Questa rivoluzione verde è strana: non si spaventa di un campo coltivabile ricoperto di pannelli solari, ma pretende la chiusura di un pozzo di gas a qualche chilometro dalle coste; chiude il nucleare, che ha un consumo di suolo per energia prodotta ridicolo, ma lavora per la riapertura delle miniere; vuole reinserire gli orsi nel loro territorio naturale e nel frattempo usa l’arco alpino o appenninico per l’estrazione del titanio o dell’alluminio. Vuole che i fiumi siano liberi di scorrere e che si ripristino acquitrini e paludi, ma scava chilometri per tirare fuori nickel e argento.
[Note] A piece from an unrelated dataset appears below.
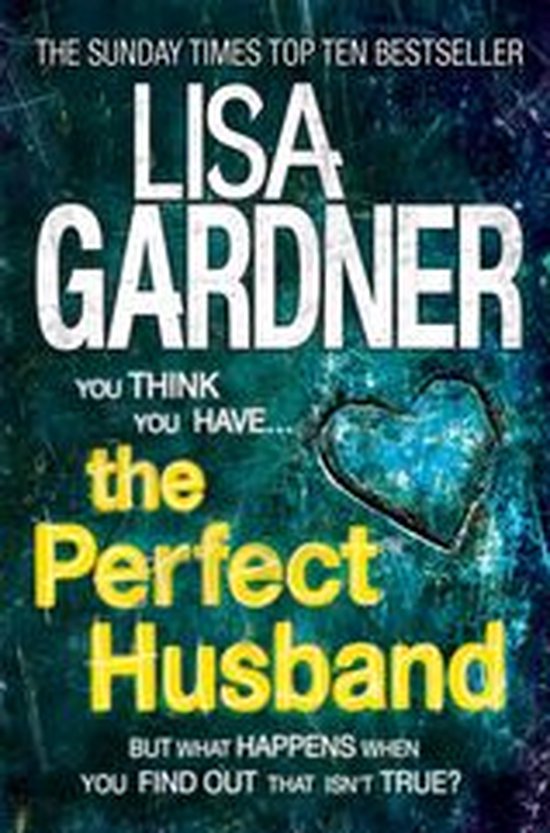 FBI Profiler 2 - The Perfect Husband (FBI Profiler 1)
È questo quadro che dovrebbe preoccupare gli italiani. Tanto quanto l’apertura di nuovo pozzo di gas, di un nuovo inceneritore o di una centrale nucleare è destinato a scontrarsi con un’opposizione dura tanto facilmente, sotto la spinta della “rivoluzione green”, verranno concessi autorizzazioni che fino a cinque anni fa sarebbero state considerate lunari.
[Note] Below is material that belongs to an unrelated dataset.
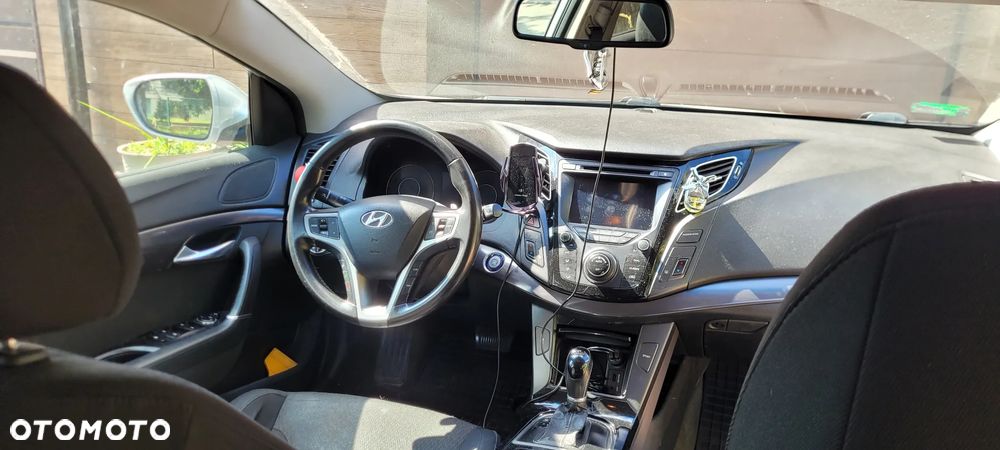 Hyundai i40 1.7 CRDi Comfort - 7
C’è poi un secondo elemento che varrebbe la pena di considerare. Da quanto si scopre una miniera di rame, per esempio, a quando si mette in produzione non servono meno di sette anni. Più si cerca di conciliare l’attività mineraria con l’ambiente, più i tempi si dilatano e i costi salgono. Il passaggio all’elettrico e la fine degli idrocarburi per cinquecento milioni di consumatori europei assolutamente convinti di non perdere, se non in misura marginale, il loro tenore di vita e i loro consumi implica investimenti colossali e una lunga fase di transizione che non si capisce bene come si dovrebbe traguardare soprattutto se, nel frattempo, ci si libera di energia consolidata ed economica. L’attività estrattiva è energivora al massimo. Due decenni di alta inflazione, date queste premesse, sono la scommessa più a porta vuota della storia.
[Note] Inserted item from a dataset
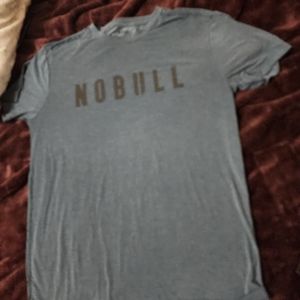 Mens Nobull Project Tee
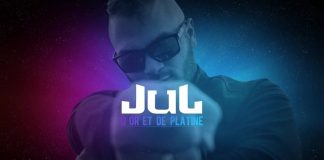 JUL – Dans le 13 (Paroles)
Più passa il tempo, più emerge la mancanza di buon senso della transizione che risponde a un’ideologia che non tiene conto della realtà economica e, nemmeno, di quella ambientale. I conti con la realtà, nel caso specifico, prenderanno la forma di black out, povertà energetica e mancanza di libertà di movimento. Nemmeno avremo la consolazione, anzi, di aver “salvato l’ambiente”.